After 2 months of digging into this issue, i have almost completed an answer to my original post.
To start with, the adder was only one of 5 inferred circuits that caused timing errors. To break this problem into more detail allow me to explain my approach to constructing a uart, then the problems and solutions encountered.
Transmitter
- acquire data to send
- format the word assign packet = {1'b1, data[7:0], 1'b0};
- send word
Very simple right, but what about a variable width or word size. How about parity.
Next i tried making a shift register, where i counted how many unused bits( maximum word size minus current word size) there where and shifted the data around to build the packet. It worked but I wanted something cleaner.
Then a mux came to mind. Actually two of them.
assign w_data = {data,1'b0}[current_bit];
assign tx_pin = {1'b1, parity, w_data, 1'b1}[current_state];
A little more logic to tract the current state and bit number, as well as a clock counter to keep track of time and I was up and running around 160Mhz. I could have stopped there. But no. Why cant it go faster. So digging into the timing report and rtl viewer showed that for an 8 bit word with a start bit appended(9 bits total) needed 4 levels of lut to complete.
After some reading the term retiming came up a lot. Mater of fact every post and artical i found when searching for a solution mentioned it. To bad its not in GOWIN's documentation. I tried adding a register, hoping it would infer what i wanted to do. NOPE... not gonna get off that easy. About 20 hours spread across 3 weeks, i had a way to build a couple of data structures. By theirself they are not much, but when used to connect a few lut to a few registers, i built a variable mux registers eating machine.
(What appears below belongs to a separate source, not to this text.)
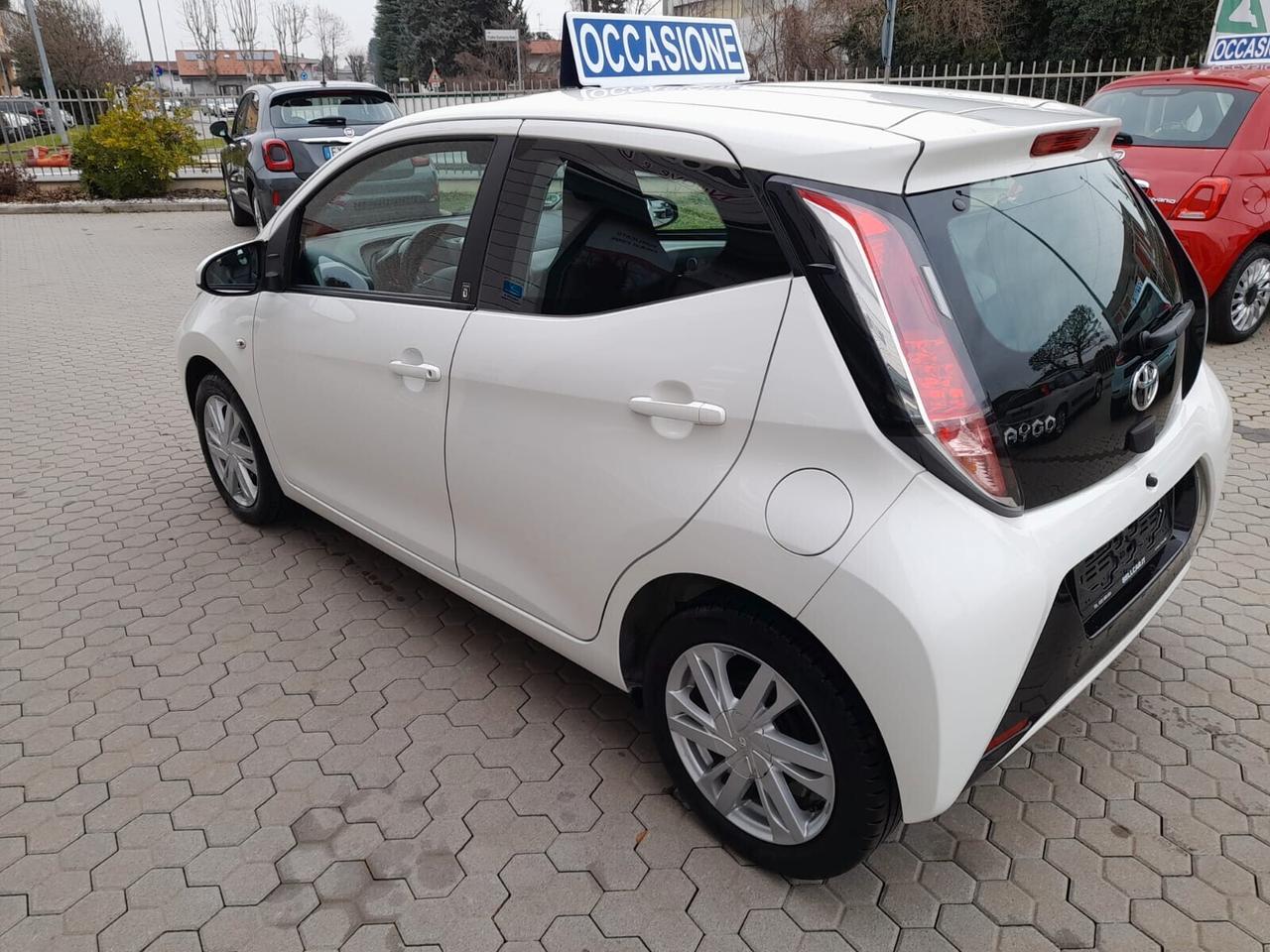 Toyota Aygo 1.0 VVT-i 69 CV 5 porte x-play TSS MMT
Trading throughput for timing, the FMax quickly took on an RC time constant curve as more latancy provided diminishing returns.
But now I have a new critical path, not the actual work being done, but the status of the FSM. Doing simple if, then, else statements are crippling my speed. A case statement was also to slow, requiring at least 2 lut in series. After a few days of brain storming, i realized that only one state is time critical, that is the start state, where input data is valid for only one clock cycle. So I amended my alu code to include comparisons and gate reduction operations.
Now changes in state take more than one clock cycle to complete. This is acceptable because the output if the module is dependent on clock enable. As long as any multicycle operations finish before the next clock enable, it is the equivalent of a circuit built with latency parameter zero, in a slower clock domain. The inputs to the circuit all operate in a fast domain. When accessing the fifo's, 100% through put in the fast domain was desired, and has been achieved, without having to cross clock domains.
By not inferring these circuits(adders, mux, dmux, &{}, and |{}) but instead using equivalent modules and named wires, i believe that I can more accurately write multi-cycle path constraints.
For the receiver, I went with a demultiplexer, simply taking the reverse of a mux, and or'ing it with the data that has already been collected with a little oversampling sprinkled on top for flavor.
Please take a look and tell me what you think
https://github.com/Adivinedude/FPGA-toolbox#uartvI have not found any good suggestions/reading material for coding style. Is there a standard or just company/school specific?